◆ DATA SHOWN:
----------------

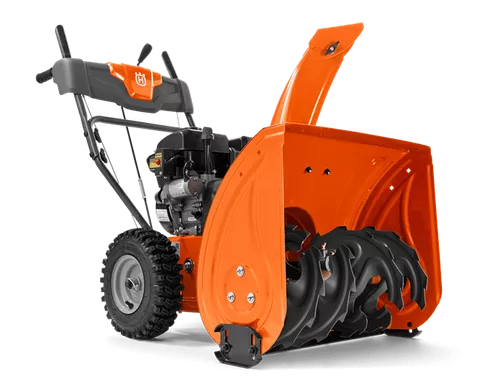 Снегоуборщик Husqvarna ST 124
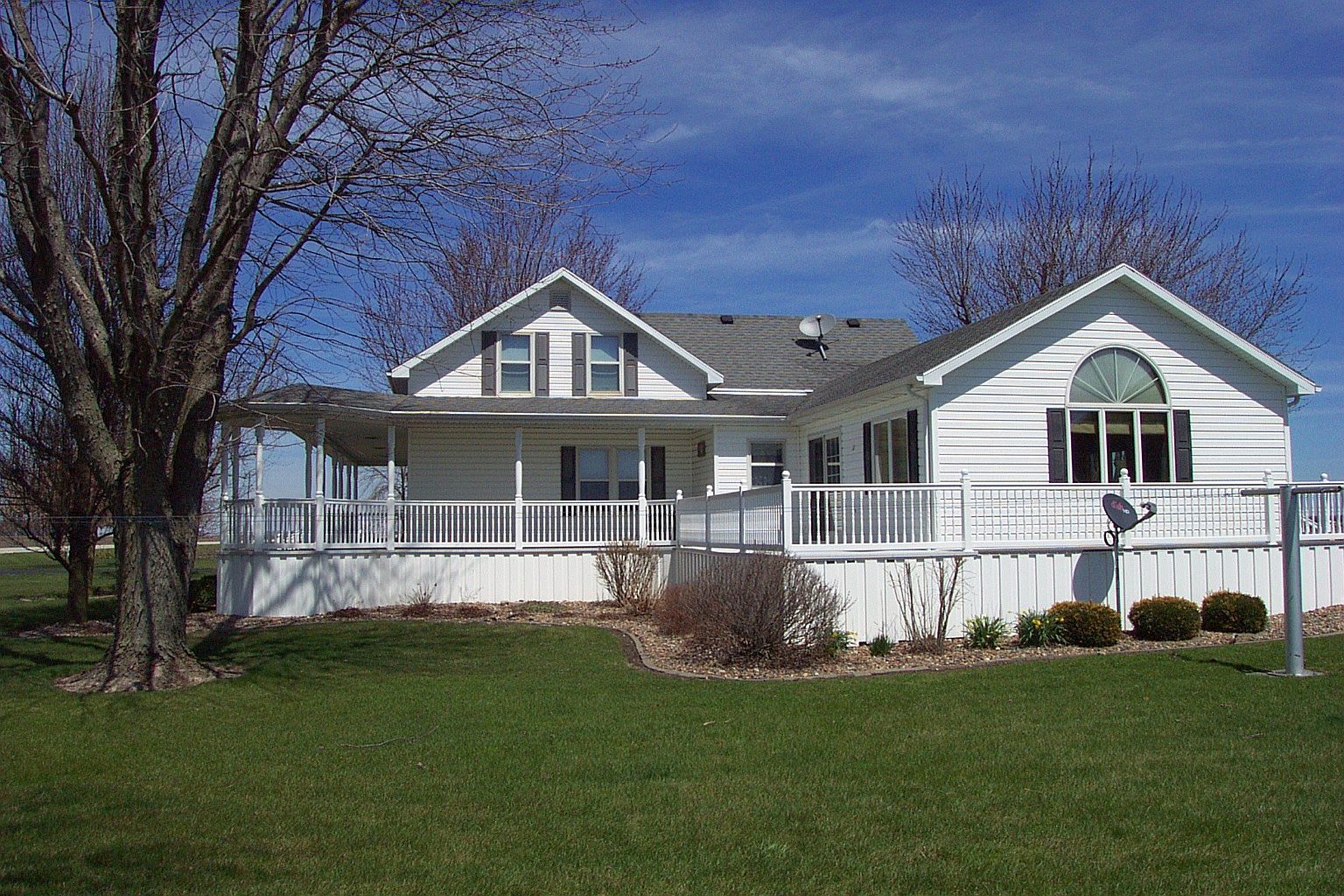 11400 South Campus Road Gardner, IL 60424 - Photo 4 of 56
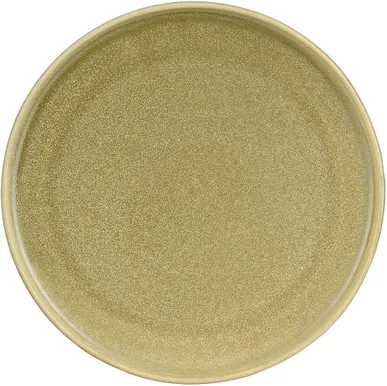 TALDRIK MICA DECORATIONS NIKA Ø22CM ROHELINE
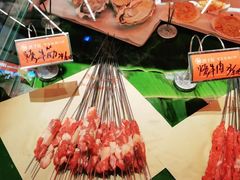 -鸽子侯·家宴·平价海鲜(市图书馆店)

----------------

◆ PROBLEM:
All the lines above should be reproduced exactly, and none of the pictures.

◆ REPLY TO THE EXERCISE:
 Снегоуборщик Husqvarna ST 124
 11400 South Campus Road Gardner, IL 60424 - Photo 4 of 56
 TALDRIK MICA DECORATIONS NIKA Ø22CM ROHELINE
 -鸽子侯·家宴·平价海鲜(市图书馆店)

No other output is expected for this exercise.